Most commonly used for websites and applications, usability testing has become a popular user research method for assessing different aspects of a product. By conducting usability tests early and often in the development process, many issues with the product or website can be targeted and resolved before a final release.
In usability testing basically the testers tests the ease with which the user interfaces can be used. The process starts with defining the website’s goals and what it must accomplish. As a result, the QA engineers prepare a specific set of tasks and outlay the elements to look for during tests:
- the ease with which specific tasks can be completed
- the ease with which specific information can be found
- whether the user will be satisfied with the design and layout (is the website easy to use, clear enough etc.)
- whether the user will find the website that it loads fast enough?

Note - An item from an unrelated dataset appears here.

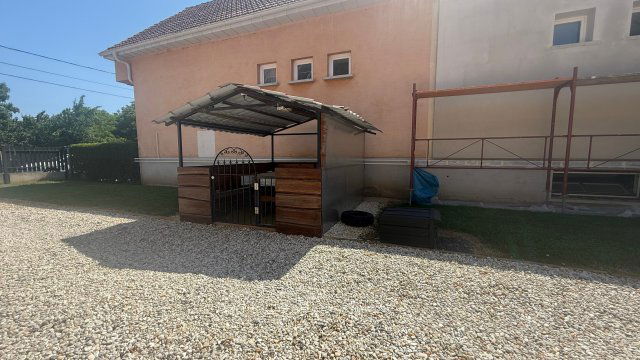 Eladó családi ház, Bükön 87.5 M Ft, 7 szobás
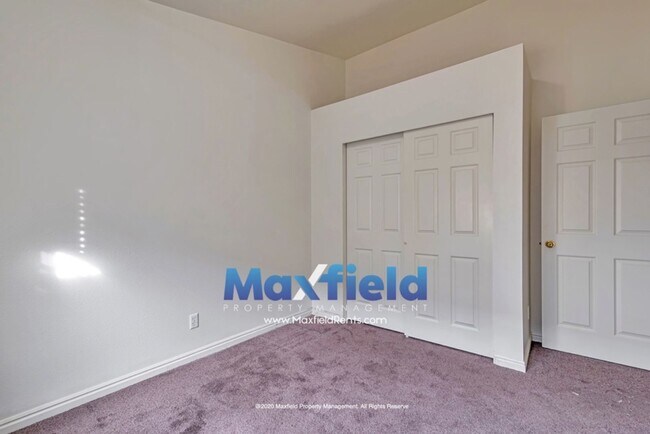 Building Photo - 3 BD 2 BA 1 GAR Townhouse - Taylorsville Utah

- whether navigation labels, page titles, headings, and other terms are easy to understand and accurate
- whether icons and other images are helpful and easy to understand
- whether downloadable items can be downloaded quickly and satisfactorily
- whether password-protected areas are easy to log into and use
- whether errors occur during browsing, and if they do, whether appropriate and helpful error messages are received
- whether information contained by the website is sufficient, or there is too little or too much information
- whether or not the user would return to the web site
- whether or not the user would recommend the web site to others
Setting up a usability test require carefully outlining scenarios to determine whether the website or the product built is user-friendly or not. These scenarios provide a picture of the intended user experience, what exactly users are looking for on the website and how they go about it. Usability is used to spark changes in the design and to facilitate user flow on the website.